Natera, San Carlos, Calif, reports that its noninvasive prenatal screening test, Panorama™, will be introduced on March 1 for the detection of trisomy 21 (Down syndrome), trisomy 18 (Edwards syndrome), trisomy 13 (Patau syndrome), and select sex chromosome abnormalities, such as monosomy X (Turner’s syndrome).
In clinical validation studies, Panorama demonstrated a sensitivity of greater than 99% when detecting common chromosomal abnormalities such as trisomy 21, trisomy 18, and trisomy 13; and 92% when detecting monosomy X.The test also demonstrated a specificity of 100% with no false positives for all the syndromes tested, the company reports. The test uses fetal cell-free DNA found in maternal blood and works as early as 9 weeks gestation. Its clinical validation data was presented at the annual Society of Maternal Fetal Medicine Meeting on February 15.
Matthew Rabinowitz, PhD, CEO, Natera, says the test will be the first to screen for sex chromosome abnormalities in every sample. “We also recognize that there is more potential for this technology in new areas, and we look forward to broadly extending the full benefits of Panorama’s technology,” he says.

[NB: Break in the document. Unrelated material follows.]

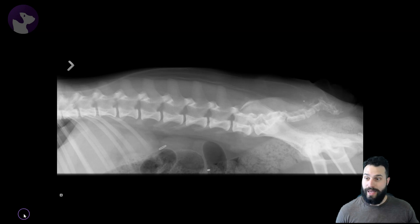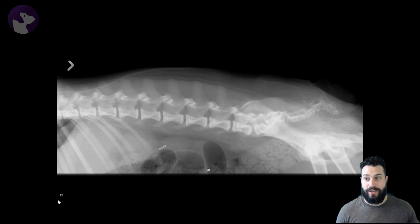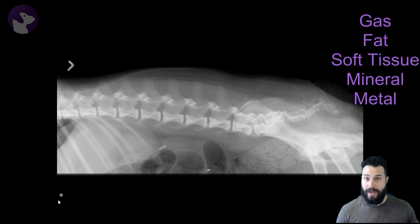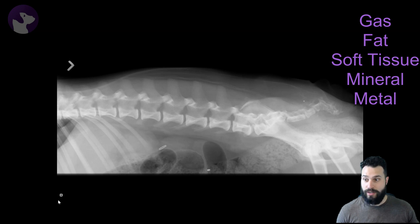What we end up identifying is a range of opacities that extend from gas to metal. Gas, fat, soft tissue, bone, and metal are our radio opacities. We can identify all of them in this lumbar radiograph of the dog.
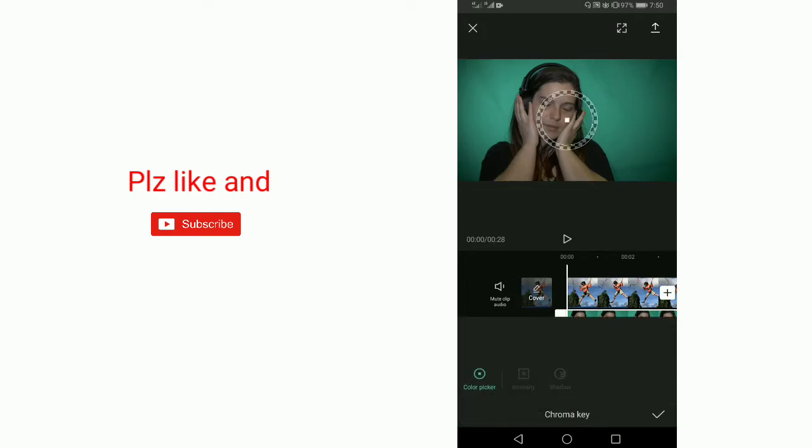Now tap on Chroma Key and move it a little bit. Now look below and tap on Remove.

“Cell-free DNA testing has already significantly advanced the level of care for expectant mothers,” says professor Kypros Nicolaides, MD, director of the Fetal Medicine Foundation and the Harris Birthright Research Centre for Fetal Medicine at King’s College Hospital, London. “In our first study completed with Natera, I was pleased that the Panorama test was able to detect chromosomal abnormalities beyond trisomies 21, 18, and 13.”
Panorama’s technology analyzes, in a single reaction, 19,500 single nucleotide polymorphisms (SNPs), which are the most informative portions of an individual’s DNA, according to the company. It uses the NATUS [Next-generation Aneuploidy Testing Using SNPs] algorithm, an advanced version of Natera’s proprietary informatics. Panorama has been validated globally and is currently being evaluated in several other clinical trials for the detection of genetic disorders, including trisomy 21, trisomy 18, trisomy 13, monosomy X, XXY, XYY, XXX, and triploidy. The test uses a simple blood draw from the mother and can be performed within the first trimester of pregnancy, as early as 9 weeks, without any risk to the fetus.